Tomorrow our major deliverable is due and I feel that it actually helped my teammate and I to organize ourselves and know exactly what we want to do next. I feel that we have been making great progress. This time around we have been more focused on prototyping and testing rather than researching. Our goal is create a remote control that is made from conductive dough. The dough was made with simple kitchen food items that one can get from any grocery store at a very cheap price.

Picture taken my MFlores
Picture taken my MFlores  This was the first step in making the conductive dough to boil water.
Picture taken by MFlores. In this step the flour was being added.
Picture taken by MFlores. In this step the flour was being added.
Picture taken by MFlores. This is what the dough looked like after being mixed with all the ingredients and food coloring to make it a nicer color.
Picture taken by MFlores. This is what the dough looked like after being mixed with all the ingredients and food coloring to make it a nicer color.

We previously attempted to use molding clay as the remote, but it was hard and therefore would be difficult to mold to different people’s hands. Since people with arthritis can potentially have their fingers positioned a certain way we want the remote to be adaptable to their hands instead of the person having to adapt to the remote shape. The grip of the remote will be made of the dough, but it won’t be conductive therefore it won’t activate the makey makey by simply grabbing it. On the remote we want to create the keys from the conductive dough that we made. The keys will be placed according to where the person places their fingers. Those keys will control the up, down, right, and left keys. We plan on creating another remote with the same structure and materials, instead this time it will only contain the space bar and the left mouse click. We hope that with this design, the person will experience less pain in their joints with tapping a soft doughy surface then clicking the hard keyboard keys.

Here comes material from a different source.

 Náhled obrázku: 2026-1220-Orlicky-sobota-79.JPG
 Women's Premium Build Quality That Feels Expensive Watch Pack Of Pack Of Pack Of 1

We plan to showcase our prototype in the Make-o-Rama to test it with the student body. Since the students are from ages 11-18 we can test all sorts of hand sizes and see how effective the dough is to adapting to those sizes. This will be of course connected to the Makey Makey in order to play pacman. With this game, we can also test how effective the keys actually are and if there is any remodeling we need to do. At the thinkery they have free entries on Wednesday nights, therefore lots of people go. In our Capstone group, we were invited to go and test our product with the children and ask some survey questions to the adults. We want to be able to do the same, take our prototype and test it with the kids there, since there will be younger children and adults, it’s a different test field than at the Make-O-Rama. Hopefully we are lucky and there is a child or adult with arthritis that can try our our design. In going to test our design, we plan of informing people of the capabilities of the Makey Makey, but most importantly inform them of Juvenile Idiopathic Arthritis that many children suffer from.